Today, most know the basics of metric follow: leads and traffic and other such basic metrics. But there are other types, some more advanced and/or niche, which can help your marketing team immensely.
The following content marketing metrics are organized into seven different types.
1. Consumption
- Page views – This metric tells you which, and how many pages on your site users are frequenting most, which is a good indicator of what content is drawing people in most effectively.
- Average time on page – As the name implies, this is a measurement of how long each user is staying on each page on your site. This is a good way of deducing how engaging your content is.
- Unique visitors – This stat measures how many people, overall, are visiting your site, and how many of those people are repeat visitors.
2. Retention
- Return rate – Measures how many customers you have that are regulars and which are new – good to know if you want to build a positive relationship with both.
- Bounce rate – Measures the rate of entry and exit clicks happening on the same page.
- Pages per visit – Tracks how many pages each visitor looks at every time they visit the site.
3. Sales
- Pipeline generated – Aggregates the total dollar value of all opportunities where the lead’s first touch associated with those opportunities was with your content.
- Pipeline touched – Measures and gathers all opportunities where the user “touched” a particular piece of content.
- Revenue influenced – Observes the dollar value of revenue closed where the contact in question consumed your content before converting.
4. Engagement
- Comments – Tracks the comments left on a particular post you make on your site.
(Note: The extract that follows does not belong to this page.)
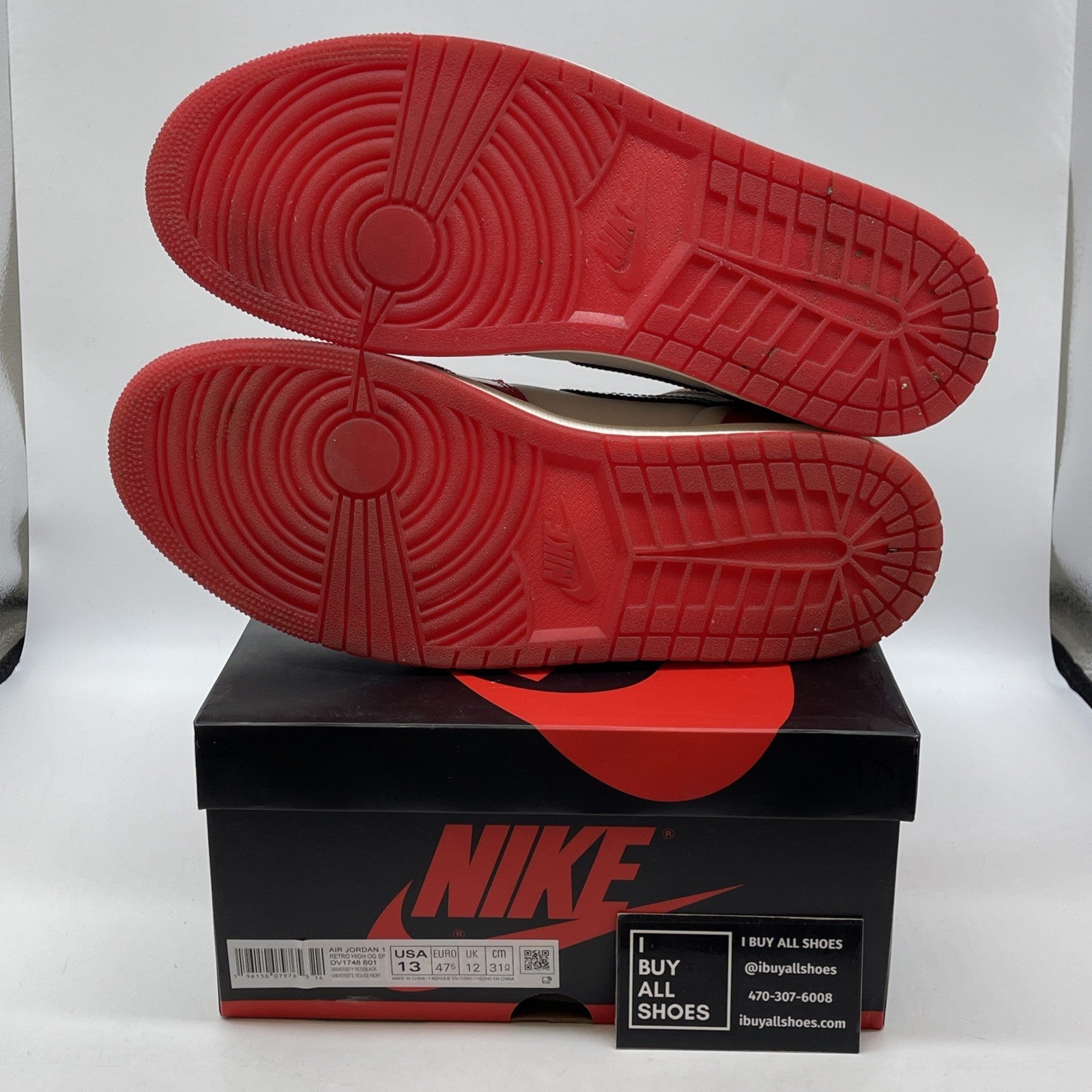 Size 13 - Jordan 1 Retro OG x Marvel High Next Chapter Red Suede (DV1748-601)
This is a good means of measuring user engagement.
- Session duration – The length of time a user spends on your site across several pages.
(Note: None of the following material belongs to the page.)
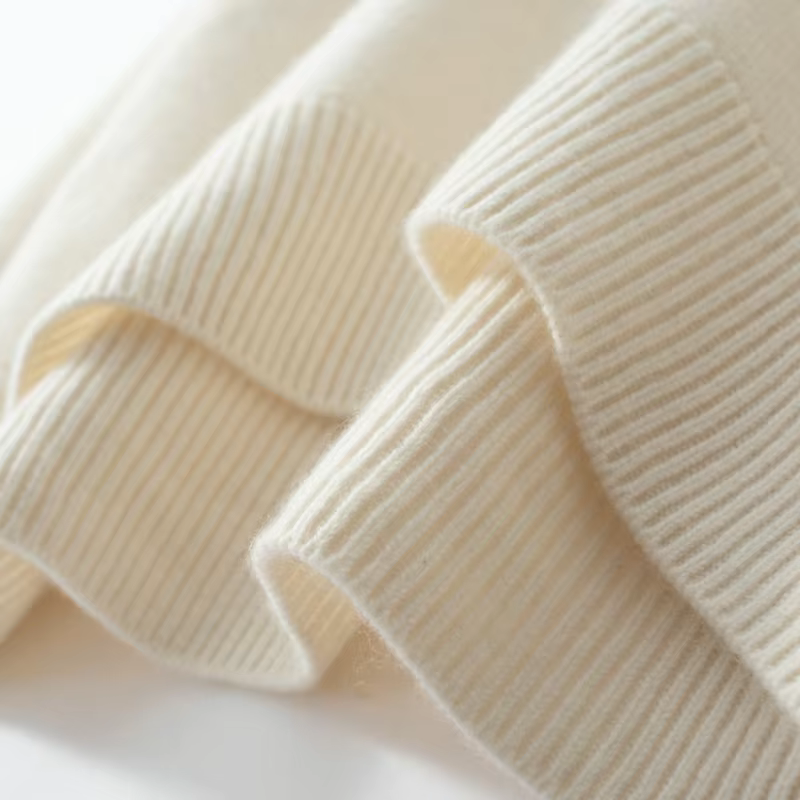 Pull en cachemire pour femme à col roulé chic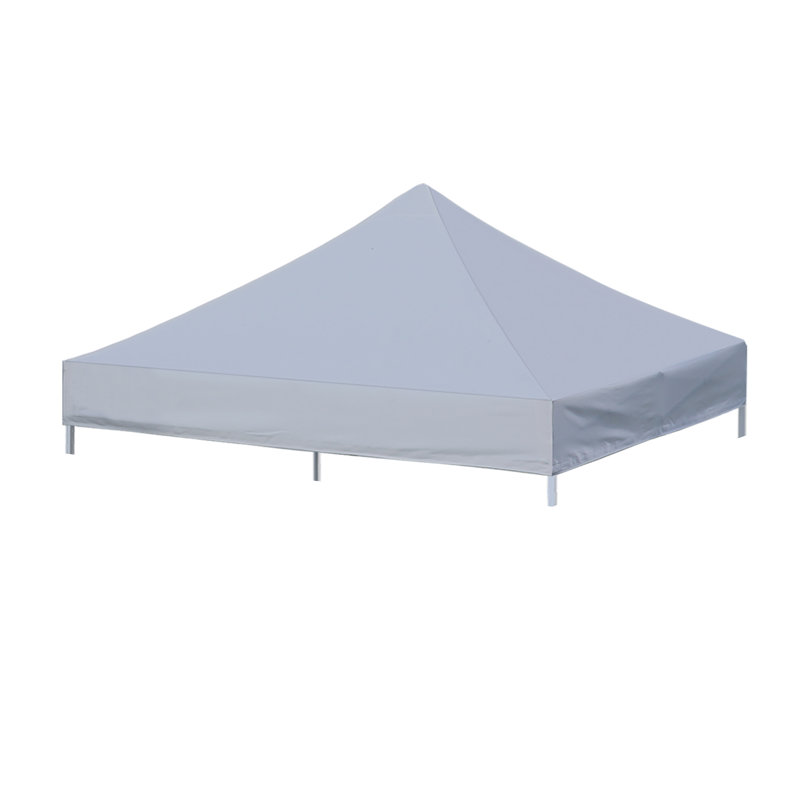 Auvent de remplacement 8 pi x 8 pi Angelea, Gris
- Page depth – The number of pages a visitor clicks on per visit to your site.
5. Lead metrics
- New leads generated – Using your CRM and marketing automation tool, you calculate how many new leads came into your database after they touched new content.
- Touched existing leads – Again, making use of your marketing tool and your CRM, you can calculate how many existing leads in your database interact with a piece of content.
6. Sharing
- Social media shares – Tracks what content on your site is most likely to be shared by users based on what’s been shared previously. A good metric of what content your consumers are interested in showing others.
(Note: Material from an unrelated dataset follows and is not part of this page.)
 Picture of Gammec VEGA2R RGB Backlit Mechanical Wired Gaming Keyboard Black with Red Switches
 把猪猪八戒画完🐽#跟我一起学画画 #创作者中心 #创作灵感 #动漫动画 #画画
- Social media likes – Like the previous metric, you can use this metric to keep track of shared content since many social media sites like to display what content a user “likes” to their followers.
- Email forwards – Although not every forwarded email can be measured and quantified, this can still be a very useful tool for measuring what emails got forwarded parallel another campaign.
7. Production/cost
- Time to publish – Tracks how long it takes your team to publish a piece of content. More of an internal metric than marketing specifically, but knowing your team’s efficiency can greatly help how you market yourselves.
- Content throughput – Pinpointing how much content you and your team produces over a given time can make for excellent marketing if that number reflects efficiency.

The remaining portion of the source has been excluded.